#### [AIM OF THE EXERCISE]
For the data that follows, give the number of lines in which "Pendant" appears. Add nothing to it.

#### [INPUT FOR THIS TASK]
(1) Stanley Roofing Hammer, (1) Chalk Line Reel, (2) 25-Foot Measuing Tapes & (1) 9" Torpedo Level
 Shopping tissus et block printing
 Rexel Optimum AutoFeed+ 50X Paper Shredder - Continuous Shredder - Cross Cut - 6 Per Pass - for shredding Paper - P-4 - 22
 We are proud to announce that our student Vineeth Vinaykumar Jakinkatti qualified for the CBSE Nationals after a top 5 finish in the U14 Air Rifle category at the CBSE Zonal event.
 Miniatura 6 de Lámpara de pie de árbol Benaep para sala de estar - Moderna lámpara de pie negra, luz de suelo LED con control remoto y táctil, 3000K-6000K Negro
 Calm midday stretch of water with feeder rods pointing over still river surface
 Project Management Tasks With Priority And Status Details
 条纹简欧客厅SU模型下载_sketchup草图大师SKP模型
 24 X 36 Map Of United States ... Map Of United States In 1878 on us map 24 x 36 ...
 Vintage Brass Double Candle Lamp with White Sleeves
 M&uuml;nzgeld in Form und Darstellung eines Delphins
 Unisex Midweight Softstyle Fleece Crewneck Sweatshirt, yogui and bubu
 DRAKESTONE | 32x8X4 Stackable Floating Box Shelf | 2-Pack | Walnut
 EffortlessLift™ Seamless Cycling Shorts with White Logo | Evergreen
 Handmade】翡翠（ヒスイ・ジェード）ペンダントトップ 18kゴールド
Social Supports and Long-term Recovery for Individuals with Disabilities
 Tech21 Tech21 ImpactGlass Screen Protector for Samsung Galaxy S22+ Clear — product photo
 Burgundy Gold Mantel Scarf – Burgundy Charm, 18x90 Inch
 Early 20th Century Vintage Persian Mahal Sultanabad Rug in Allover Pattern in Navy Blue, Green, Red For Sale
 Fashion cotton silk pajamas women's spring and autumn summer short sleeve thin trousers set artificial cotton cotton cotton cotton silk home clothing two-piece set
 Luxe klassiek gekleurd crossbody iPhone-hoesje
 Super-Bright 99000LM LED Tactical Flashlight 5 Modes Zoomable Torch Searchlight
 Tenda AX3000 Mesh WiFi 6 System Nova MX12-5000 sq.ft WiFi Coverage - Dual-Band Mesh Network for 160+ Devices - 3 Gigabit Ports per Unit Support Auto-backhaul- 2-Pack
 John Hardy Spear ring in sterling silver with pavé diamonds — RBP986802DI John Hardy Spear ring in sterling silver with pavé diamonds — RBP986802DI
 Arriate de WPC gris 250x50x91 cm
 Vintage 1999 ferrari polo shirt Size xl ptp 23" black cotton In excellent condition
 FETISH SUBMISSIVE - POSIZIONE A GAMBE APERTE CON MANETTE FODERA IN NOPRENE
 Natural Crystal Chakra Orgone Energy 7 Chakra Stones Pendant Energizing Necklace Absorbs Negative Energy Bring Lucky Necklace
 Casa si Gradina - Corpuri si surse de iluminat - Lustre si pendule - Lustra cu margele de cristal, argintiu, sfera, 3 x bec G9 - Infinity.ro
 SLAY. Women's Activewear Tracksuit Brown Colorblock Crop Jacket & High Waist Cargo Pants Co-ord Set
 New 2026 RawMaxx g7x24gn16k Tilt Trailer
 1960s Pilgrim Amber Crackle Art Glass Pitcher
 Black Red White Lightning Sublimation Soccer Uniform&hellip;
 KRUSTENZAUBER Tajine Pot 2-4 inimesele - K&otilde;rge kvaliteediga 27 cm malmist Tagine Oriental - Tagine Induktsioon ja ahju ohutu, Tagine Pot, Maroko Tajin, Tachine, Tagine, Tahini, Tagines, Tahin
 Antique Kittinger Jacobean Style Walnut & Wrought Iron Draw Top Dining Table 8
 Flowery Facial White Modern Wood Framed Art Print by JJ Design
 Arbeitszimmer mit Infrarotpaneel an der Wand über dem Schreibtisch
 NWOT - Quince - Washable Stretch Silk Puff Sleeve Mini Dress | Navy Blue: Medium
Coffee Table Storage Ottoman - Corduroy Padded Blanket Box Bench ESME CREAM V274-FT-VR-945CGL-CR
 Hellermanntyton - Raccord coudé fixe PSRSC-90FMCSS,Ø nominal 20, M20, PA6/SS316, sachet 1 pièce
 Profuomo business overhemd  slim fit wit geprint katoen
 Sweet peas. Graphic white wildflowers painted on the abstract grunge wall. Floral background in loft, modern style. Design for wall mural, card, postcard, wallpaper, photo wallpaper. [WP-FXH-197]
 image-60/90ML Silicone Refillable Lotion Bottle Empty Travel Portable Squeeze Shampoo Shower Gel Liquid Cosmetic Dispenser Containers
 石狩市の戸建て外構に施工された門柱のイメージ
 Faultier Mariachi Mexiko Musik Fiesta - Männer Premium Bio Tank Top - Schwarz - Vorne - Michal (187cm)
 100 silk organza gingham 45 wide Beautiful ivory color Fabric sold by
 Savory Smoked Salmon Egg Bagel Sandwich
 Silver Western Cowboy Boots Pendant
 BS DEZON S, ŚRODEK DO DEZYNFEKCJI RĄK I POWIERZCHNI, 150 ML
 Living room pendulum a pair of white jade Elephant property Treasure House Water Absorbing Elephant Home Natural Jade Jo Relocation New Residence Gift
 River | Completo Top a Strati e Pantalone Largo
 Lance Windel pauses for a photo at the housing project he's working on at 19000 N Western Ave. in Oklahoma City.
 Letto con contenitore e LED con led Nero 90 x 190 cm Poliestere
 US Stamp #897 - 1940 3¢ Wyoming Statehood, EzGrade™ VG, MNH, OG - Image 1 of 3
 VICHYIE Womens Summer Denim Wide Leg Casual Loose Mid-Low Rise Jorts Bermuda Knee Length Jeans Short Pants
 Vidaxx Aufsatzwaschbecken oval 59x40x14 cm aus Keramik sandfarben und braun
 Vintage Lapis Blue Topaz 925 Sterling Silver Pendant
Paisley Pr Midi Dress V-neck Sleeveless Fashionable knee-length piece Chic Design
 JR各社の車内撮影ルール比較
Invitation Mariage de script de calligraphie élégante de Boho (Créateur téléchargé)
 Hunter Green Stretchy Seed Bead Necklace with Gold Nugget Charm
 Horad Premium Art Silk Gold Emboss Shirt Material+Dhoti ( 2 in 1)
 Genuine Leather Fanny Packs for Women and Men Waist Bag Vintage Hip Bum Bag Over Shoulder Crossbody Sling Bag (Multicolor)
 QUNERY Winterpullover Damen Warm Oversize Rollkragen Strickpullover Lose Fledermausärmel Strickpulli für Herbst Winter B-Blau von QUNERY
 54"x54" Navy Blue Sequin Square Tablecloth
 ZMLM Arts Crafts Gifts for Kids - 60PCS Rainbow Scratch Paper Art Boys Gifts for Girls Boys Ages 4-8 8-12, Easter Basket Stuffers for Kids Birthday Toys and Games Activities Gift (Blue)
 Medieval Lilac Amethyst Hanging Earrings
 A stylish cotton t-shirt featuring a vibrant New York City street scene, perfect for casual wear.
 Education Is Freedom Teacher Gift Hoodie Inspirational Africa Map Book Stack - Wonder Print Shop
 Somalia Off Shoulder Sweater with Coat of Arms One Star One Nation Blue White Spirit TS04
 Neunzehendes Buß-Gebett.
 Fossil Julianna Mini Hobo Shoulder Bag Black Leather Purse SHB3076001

#### [EXERCISE RESPONSE]
3